Goal of the exercise ▸
In the listing below, the answer starts at the line that has "Systematic Theology for" and stops after the line that has "Richard Branson se podaja v svet filma"; please repeat that part exactly and nothing more.

Records shown ▸
----
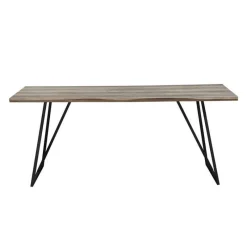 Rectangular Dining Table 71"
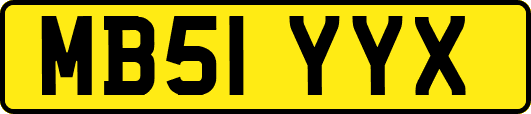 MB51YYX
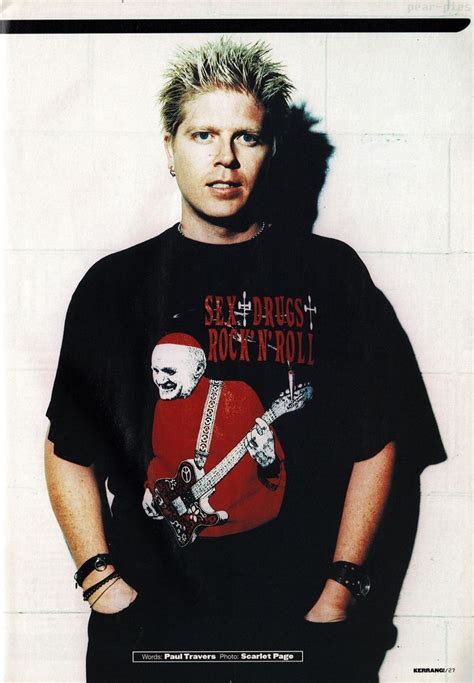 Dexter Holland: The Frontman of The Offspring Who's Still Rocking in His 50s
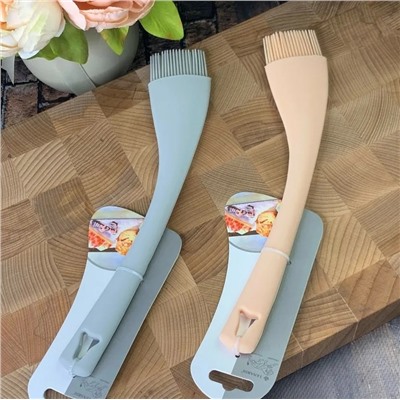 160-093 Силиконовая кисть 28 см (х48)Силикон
----
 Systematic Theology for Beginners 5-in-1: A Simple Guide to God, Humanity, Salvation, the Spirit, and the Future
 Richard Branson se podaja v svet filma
----
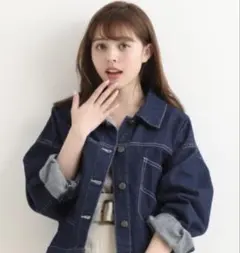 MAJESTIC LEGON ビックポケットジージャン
----
Solution to the exercise ▸
 Systematic Theology for Beginners 5-in-1: A Simple Guide to God, Humanity, Salvation, the Spirit, and the Future
 Richard Branson se podaja v svet filma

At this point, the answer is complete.